Information technology has become deeply ingrained in our lives. From personal needs – buying a cup of coffee or sharing some family photos – to business tasks – like designing machinery or buying and selling shares – it is hard to imagine life without it. It makes society more connected and our economies richer, but it also comes with new risks.

What if something goes wrong? What if your pictures end up in the wrong hands? What if someone hacks your smartphone to steal money?

Risks like these are just as paramount in the business world, including the financial sector. Cyberattacks can cost companies a fortune. They can bring down the power grid. They can pose a risk to the stability of the financial system. That is why it is so important that companies and organisations are prepared for, and equipped to deal with, such threats.

What does the ECB do to promote cyber resilience?

We take cyber threats very seriously. We continuously work to improve our defences so that we can protect our data and information systems. We develop strategies to deal with crisis situations, should an attack occur. And we work together with the EU national central banks to protect the European System of Central Banks – and its data – as a whole.

But it is not only our own cyber resilience we care about. We promote cyber security more widely, particularly in the financial sector.

For example, we cooperate with other EU institutions, such as the European Parliament, the Council and the Commission, as well as with other international organisations and financial institutions to share information, increase understanding of cyber risks and develop best practices for handling them.

As a regulator for market infrastructure – for example, payment and settlement systems – we set rules and best practices to ensure that individual institutions and providers have a strong level of cyber resilience.

In our role as banking supervisor, we ask the largest euro area banks to report significant cyber incidents as soon as they detect them. This helps us to identify and monitor trends in cyberattacks, which puts us in a position to be able to react more swiftly to a potential crisis caused by a cyberattack. We are also developing specific IT risk management guidelines intended to help banks and financial institutions become stronger and better equipped to face cyber threats.

Whose responsibility is cyber resilience?

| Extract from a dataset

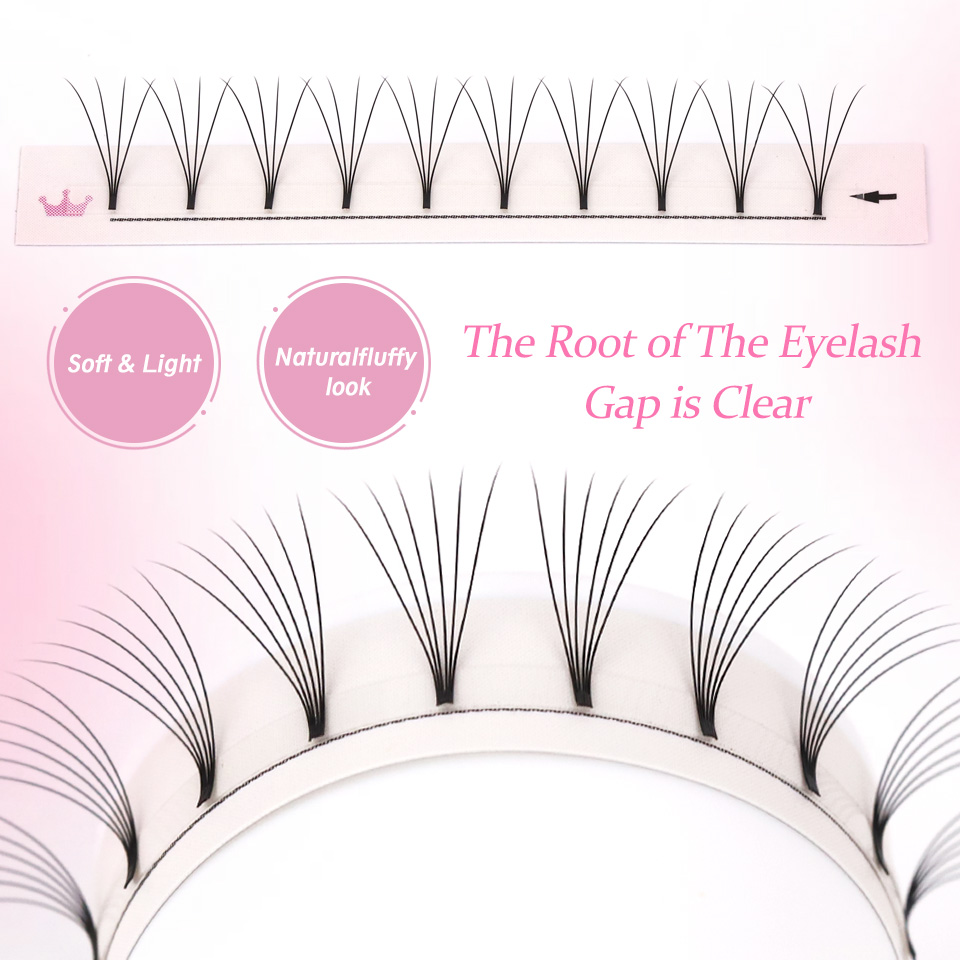 AGUUD Soft Natural Premade Vol - đánh giá và giá Eyelash Extension Russian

The ECB actively collaborates with many partners to increase awareness of cyber risks. However, just as we are all responsible for locking our own doors and windows at home, and if necessary installing security measures, companies, banks and public institutions are ultimately responsible for their own security. They need to make sure their security systems are up to date and keep themselves informed and alert about cyber threats – both for their own sake and for others.